Island
- First edition cover
- Author: Richard Laymon
- Cover artist: Steve Crisp
- Language: English
- Genre: Thriller novel
- Publisher: Headline
- Publication date: 1995
- Publication place: United States
- Media type: Print (Hardback & Paperback)
- ISBN: 0-8439-4978-3
- OCLC: 49334915
- Preceded by: Quake
- Followed by: Body Rides

= Island (Laymon novel) =

1995 novel by Richard Laymon

Island is a thriller novel by American author Richard Laymon, originally published in 1995 by Headline Features. It was reissued in 2002 by Leisure Publishing, with new cover artwork and a foreword by popular suspense novelist Dean Koontz.

==Synopsis==

The novel is structured as a series of journal entries made by Rupert, a young man who finds himself stranded on an island in the Bahamas (along with six other people) when their yacht mysteriously explodes. After an ax-wielding maniac claims the lives of two of the castaways, Rupert and the other survivors are forced to try to outwit the mysterious killer to save their lives.

Since the concept of the novel is that Rupert is making his journal entries as events happen (with no knowledge as to how future developments in the "plot" will unfold), the reader is left uncertain as to whether any of the book's characters, including Rupert himself, will survive (unlike most first-person narratives, where the survival of the narrator, at least, tends to be a foregone conclusion). The novel plays with these expectations at several points, with Rupert's life constantly in danger right alongside those of his compatriots.

Eventually, the women are captured along with the others. Rupert manages to kill the antagonists, one of whom informs him where the prison cells' key is. Rupert informs the prisoners that the key is missing and starts a sexual relationship with his girlfriend's mother. He feeds the women and keeps them as comfortable as possible, and he tells them via his journal that one day he may even decide to check the key's location.

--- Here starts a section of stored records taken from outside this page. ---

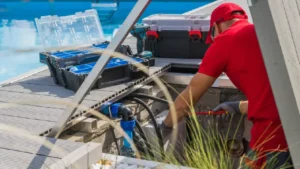 man repairing a pool equipment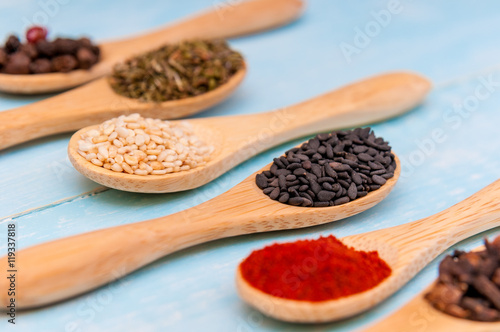 Various spices on wooden spoons. Food ingredients. Blue rustic wood table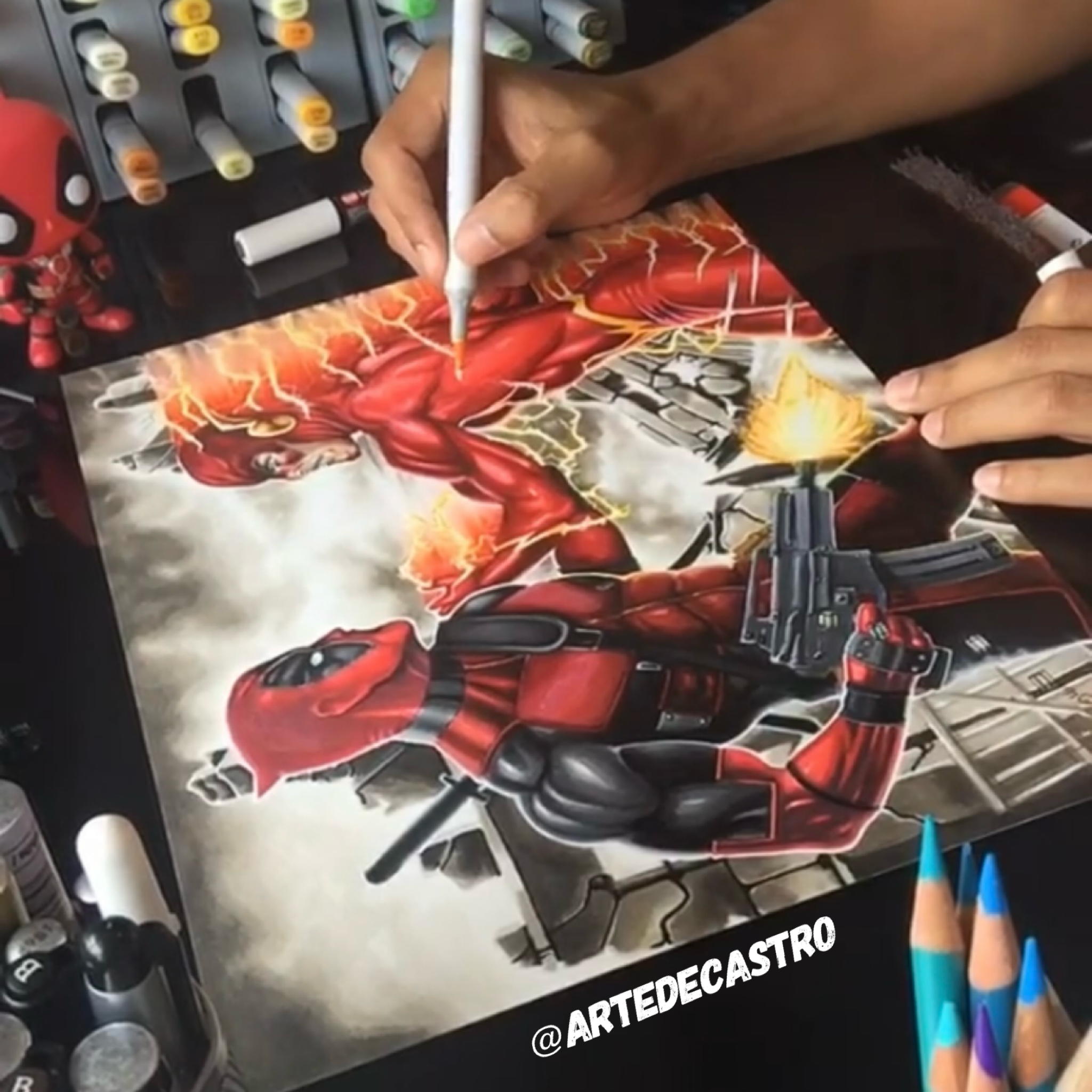 Hand writing with a white marker on a painting of a red and black superhero with lightning effects, surrounded by art supplies and colorful markers.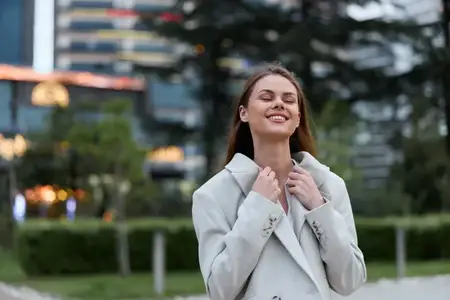 Молодая женщина в светлом пальто улыбается с закрытыми глазами, выражая расслабленные эмоции на открытом воздухе в городском парке, демонстрируя осенний стиль, современный образ жизни и позитивное…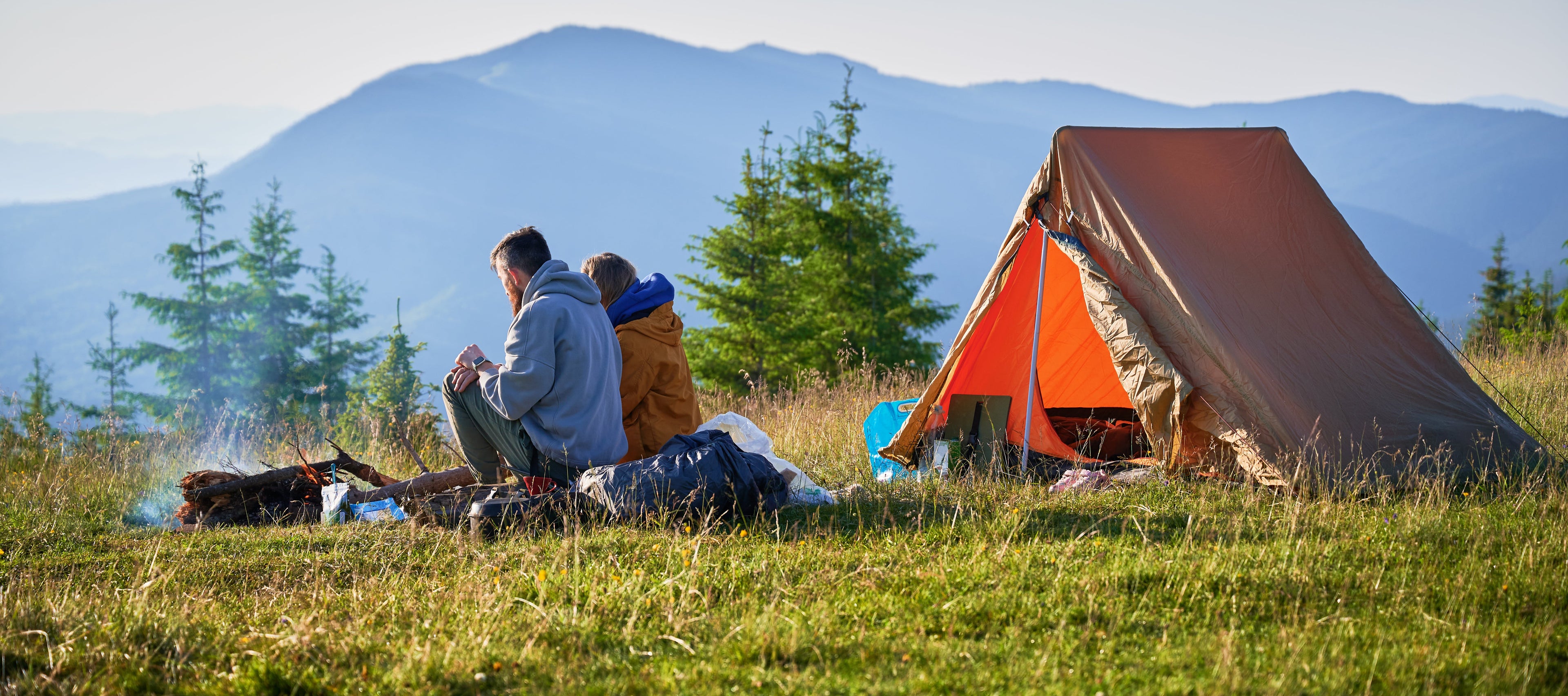 Two people sitting in front of a tent with mountains in the background
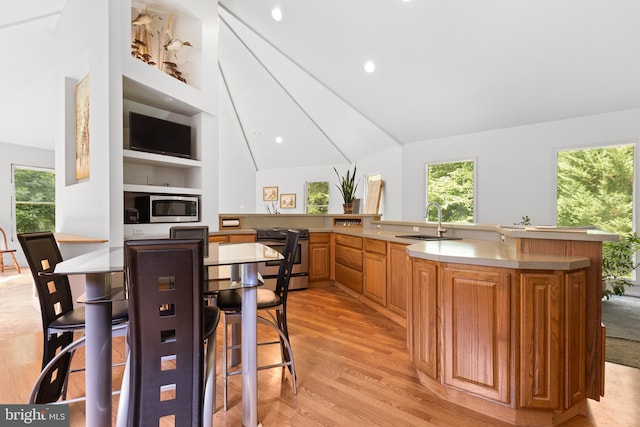 kitchen with a breakfast bar, sink, kitchen peninsula, stainless steel appliances, and light hardwood / wood-style flooring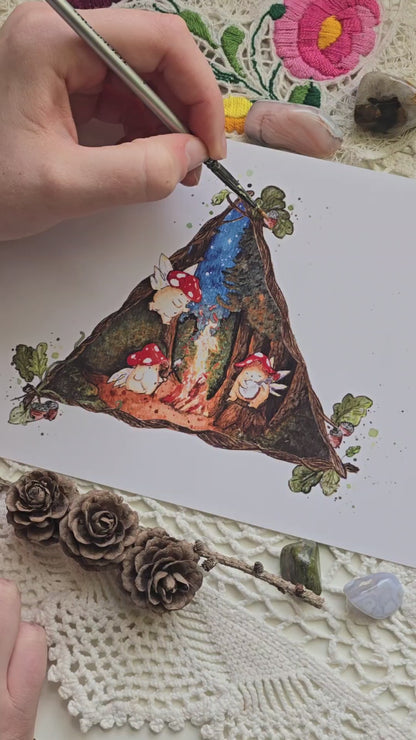 video of artist Matilda Moon adding embellishments of glitter to high quality art print showing three toadstool mushroom fairies around a glowing campfire within a dark forest

the scene is framed within a triangle of vines and branches with acorns and leaves at each point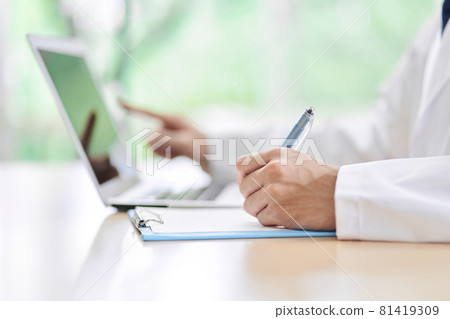 A male doctor who looks up on a computer and takes notes 81419309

==Comparisons to Laymon's other works==

The book contains many similarities to Laymon's other novels, including surprising (and often outlandish) plot twists, a sexually depraved villain, portrayal of the heroines as beautiful, strong, and almost Amazonian in stature (despite also being depicted as vulnerable and scantily clad throughout much of the proceedings), and first and foremost, the characterization of Rupert, the protagonist and supposed "hero", who nonetheless displays lecherous tendencies and attitudes which may not be far removed from those of the book's villain.